EDITOR NOTE: Here’s something to seriously think about. Regulatory measures in the financial sector and banking industry are supposedly there to protect customers and depositors like you and me. I suppose that’s why they’re often written in “legalese” or jargon so that the American public can fully understand what it says (because we must all communicate in legalese/jargon on an everyday basis). That’s why some of the most important measures that might affect your financial well-being are buried in volumes of incomprehensible paragraphs or, even better, pages. So the stuff that’s important to you and me can easily be found. If you’ve read our Bank Failure Survival Guide, you’ll surely have recognized the “bail-in” procedure describing how your funds can get frozen in the event of a banking collapse--as the regulators assumed you’ve read it and understood it. Haven’t you? Adding more to the critical information that’s designed to protect you as a depositor, the Fed has released “public sections” describing "resolutions plans” (as we all know what that means) for a number of large banks in the event of bankruptcies. It’s designed for “public consumption,” so you can bet that the regulators want you to read it. And it’s formatted in a way that’s 100% comprehensive. We’re being sarcastic, of course, because the truth behind it is absolutely cynical.
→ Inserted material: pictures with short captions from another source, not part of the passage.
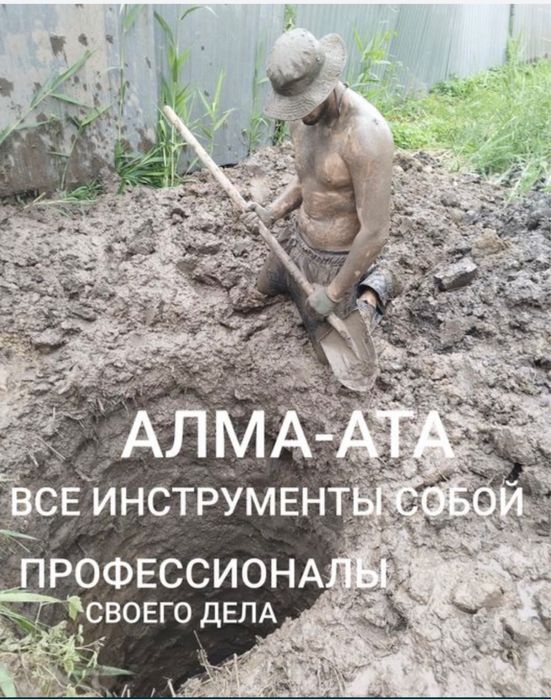 Асенизатор-Откачка.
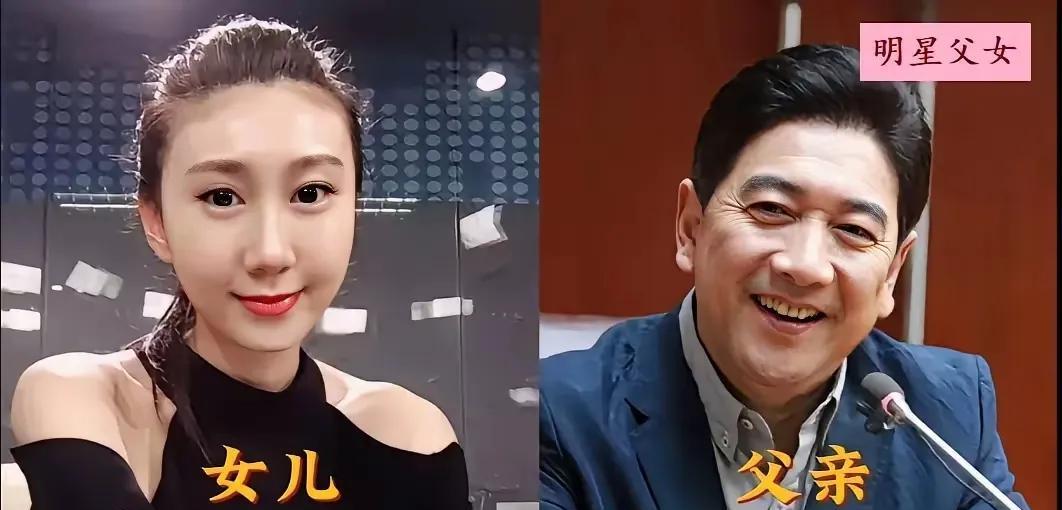 申军谊的女儿申奥，和胡军的女儿九九，最近因为同框被拿出来比较。
都是星二代，但气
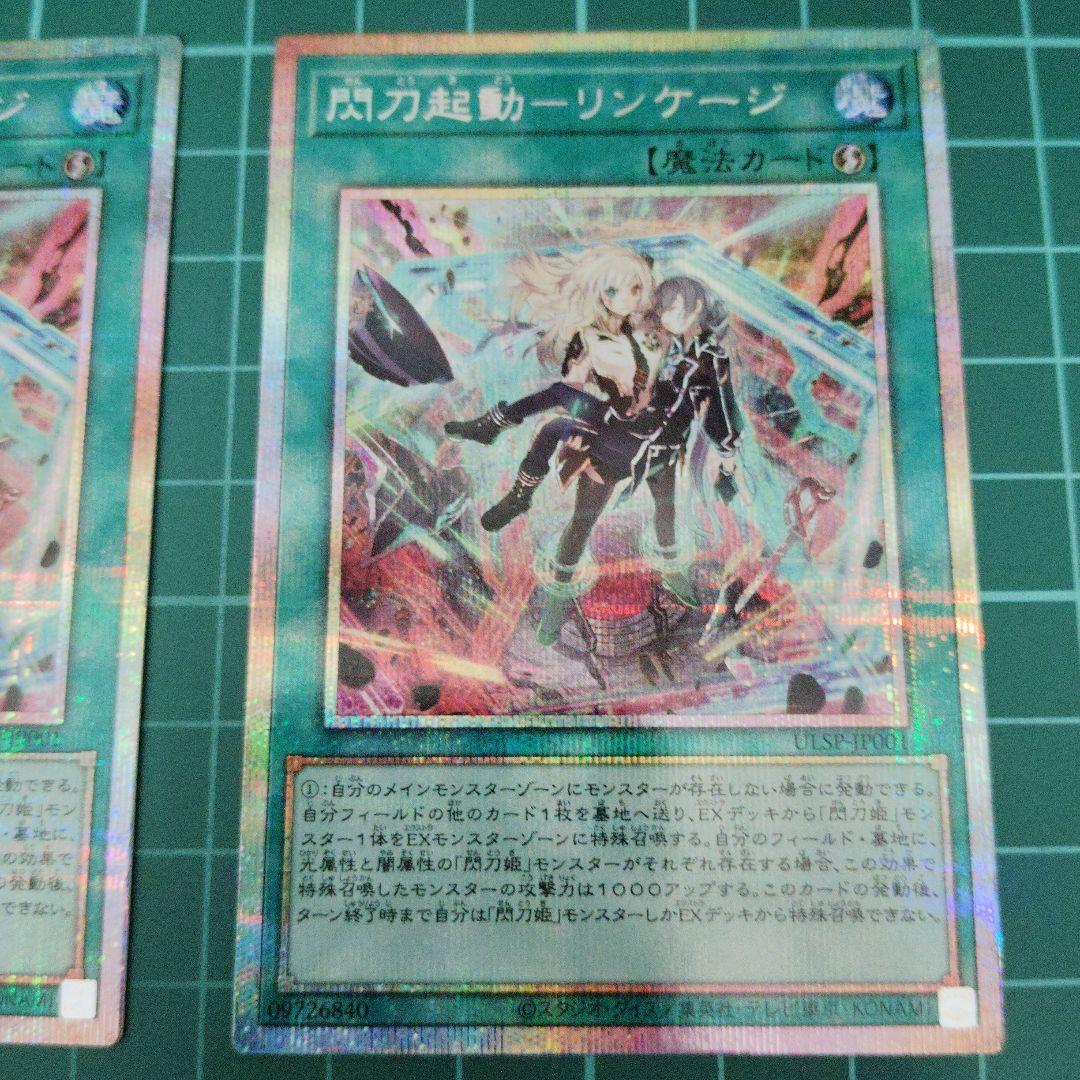 閃刀起動リンケージ　プリズマティックシークレット2枚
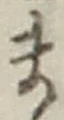 𡨸ま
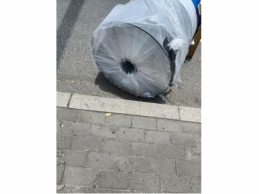 一批运输掉落受损的铝卷1.415吨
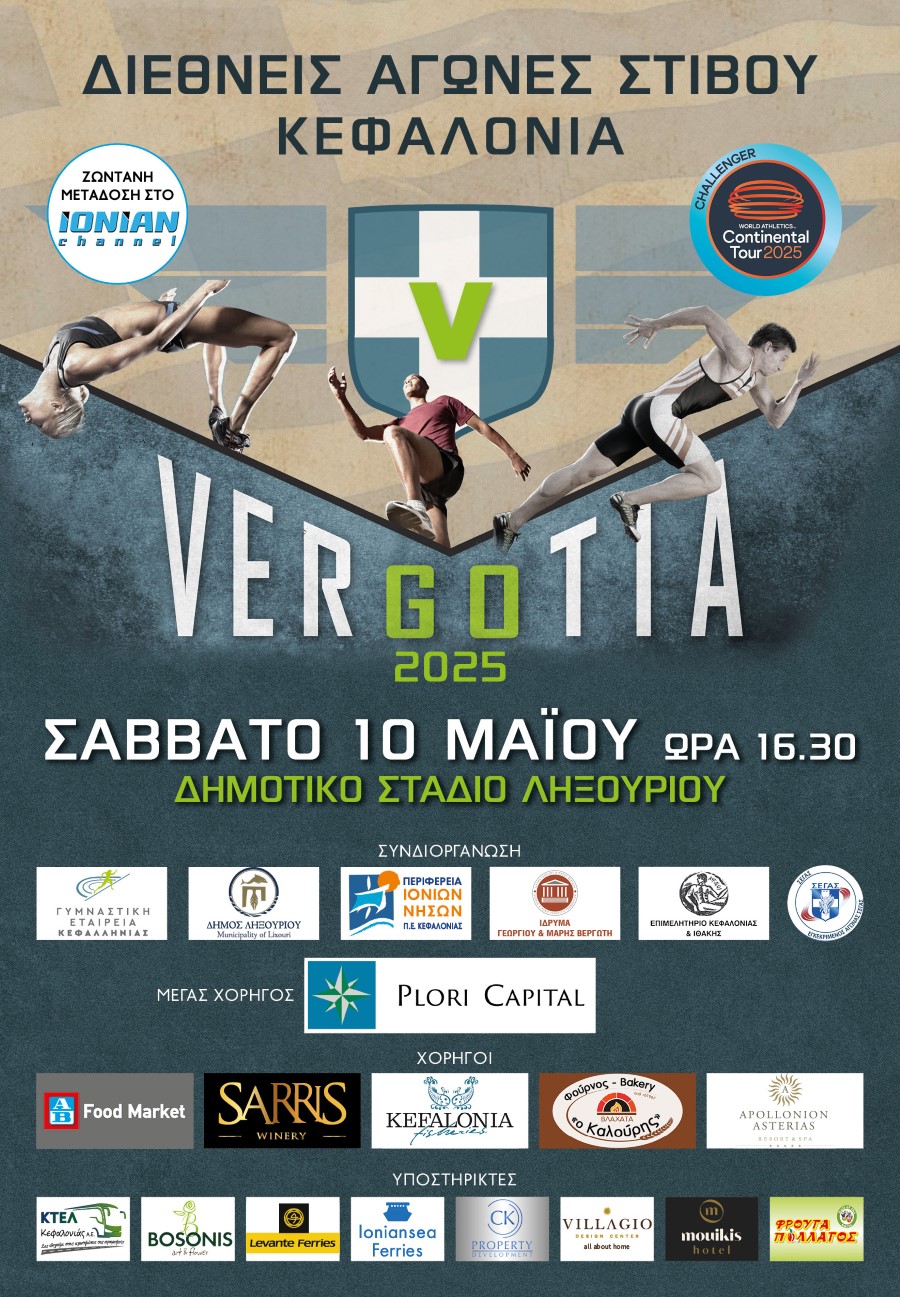 afisa vergoteia 2025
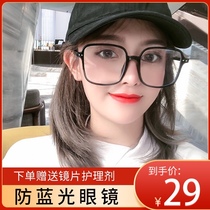Shang en myopia glasses women can be equipped with degree glasses frame women Light big face thin eyes frame frame anti blue light tide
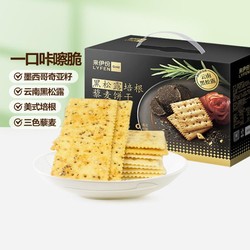 LYFEN 来伊份 黑松露培根藜麦饼干1.218kg薄脆饼干代餐办公室下午茶点心解馋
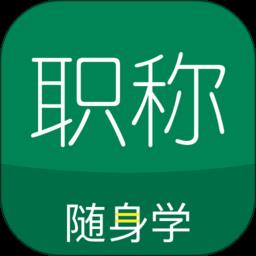 对啊网初级会计职称免费版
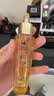 娇兰（Guerlain）帝皇蜂姿复原蜜精华50ml保湿紧致修护抗皱护肤礼盒生日礼物送女友 实拍图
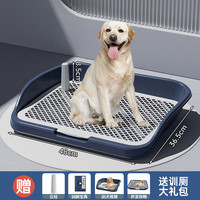艾格辰狗厕所超大号小中大型犬平板高围栏防外溅狗狗尿盆送立柱 高围栏大号藏青色48*36.5*8.5 送立柱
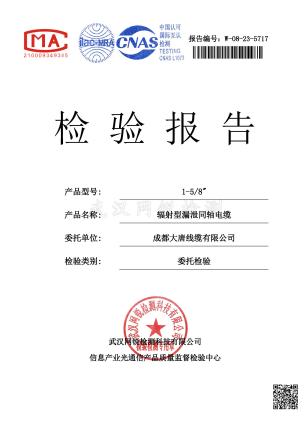 成都大唐综合布线、光缆等产品取得B1等级阻燃检验报告
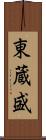 東蔵盛 Scroll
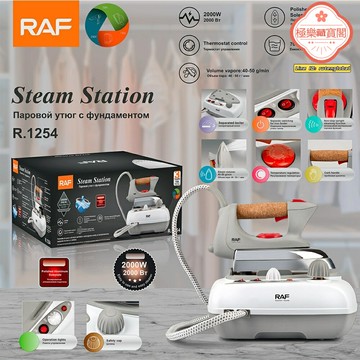 【2000W速熱】蒸汽電熨斗 家用熨斗 大功率熨斗 歐規電熨斗 拋光鋁底板 快速除皺 乾溼兩用 家用便攜 衣物護理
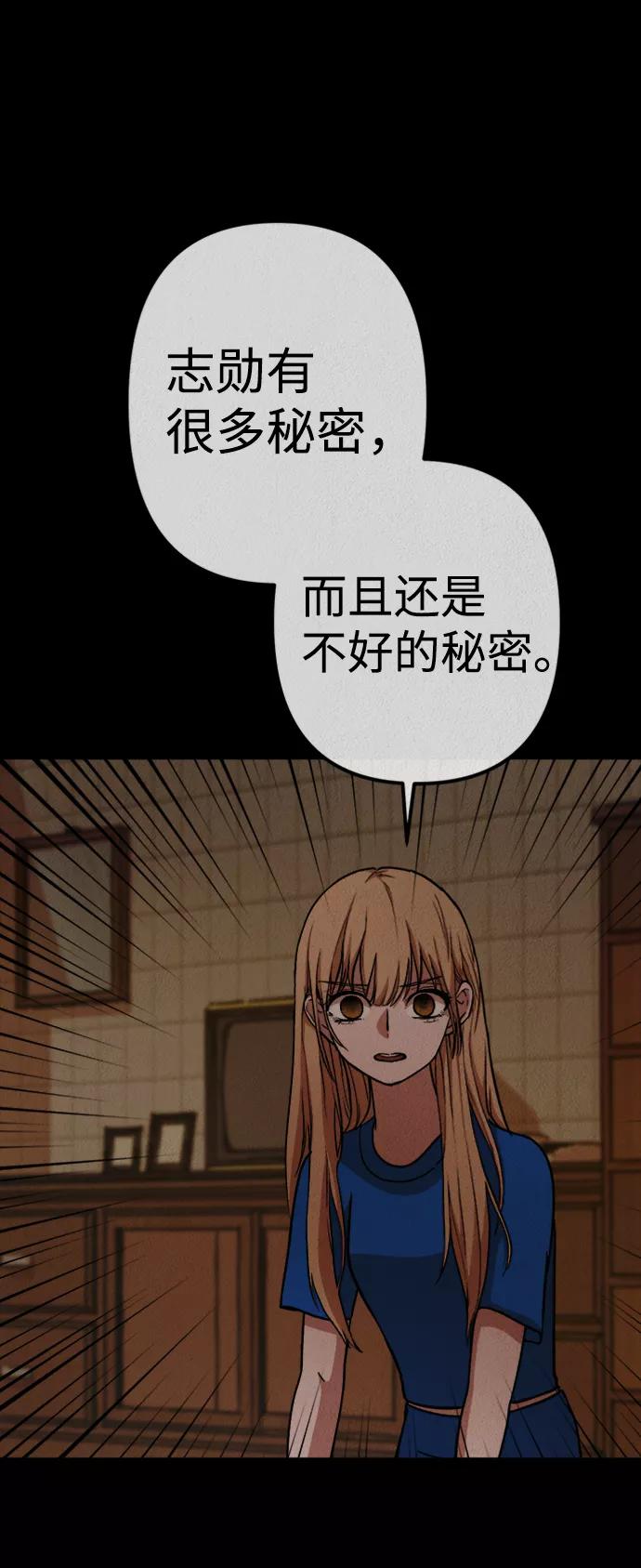 《福利院》第46话 第2页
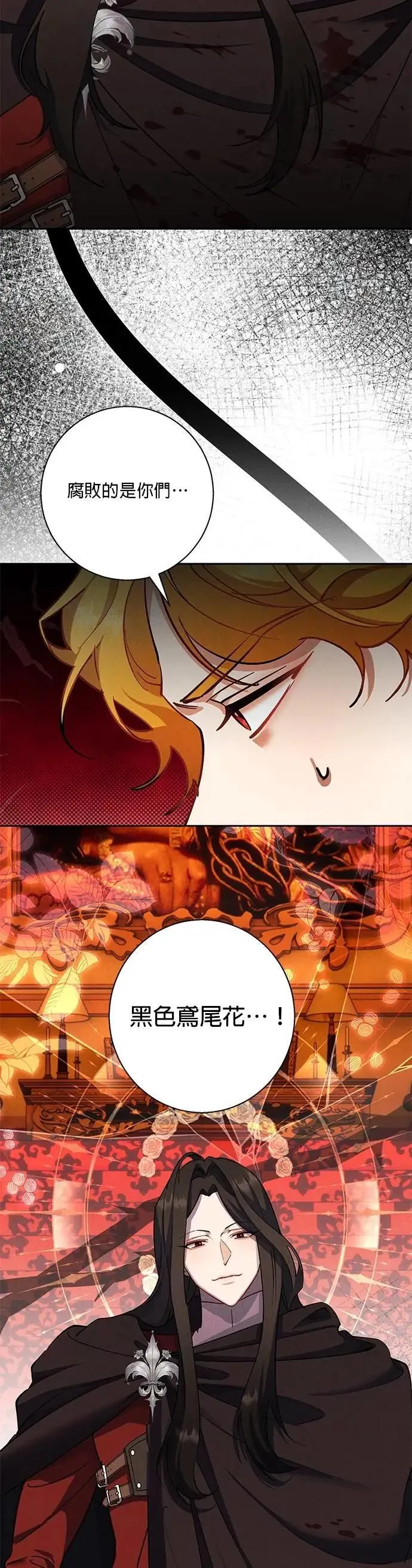 第84话 第26页
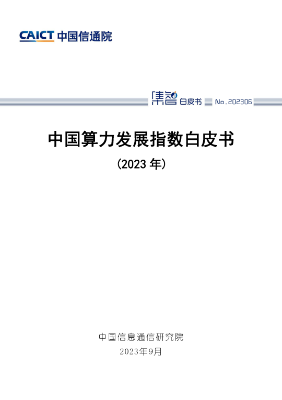 中国信通院发布《中国算力发展指数白皮书（2023年）》  第1张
The Federal Reserve Board and the Federal Deposit Insurance Corporation (FDIC) today released the public sections of eight large domestic firms' resolution plans, which are required by the Dodd-Frank Act and commonly known as living wills.
Resolution plans describe the company's strategy for rapid and orderly resolution under bankruptcy in the event of material financial distress or failure. Eight firms were required to submit targeted resolution plans by July 1: Bank of America Corporation; The Bank of New York Mellon Corporation; Citigroup Inc.; The Goldman Sachs Group, Inc.; JPMorgan Chase & Co.; Morgan Stanley; State Street Corporation; and Wells Fargo & Company.
By regulation, resolution plans must be divided into public and confidential sections. To foster transparency, the agencies have required each firm's public section to summarize certain elements of the resolution plan.
The public sections of the resolution plans are available on the FDIC's and the Federal Reserve's websites.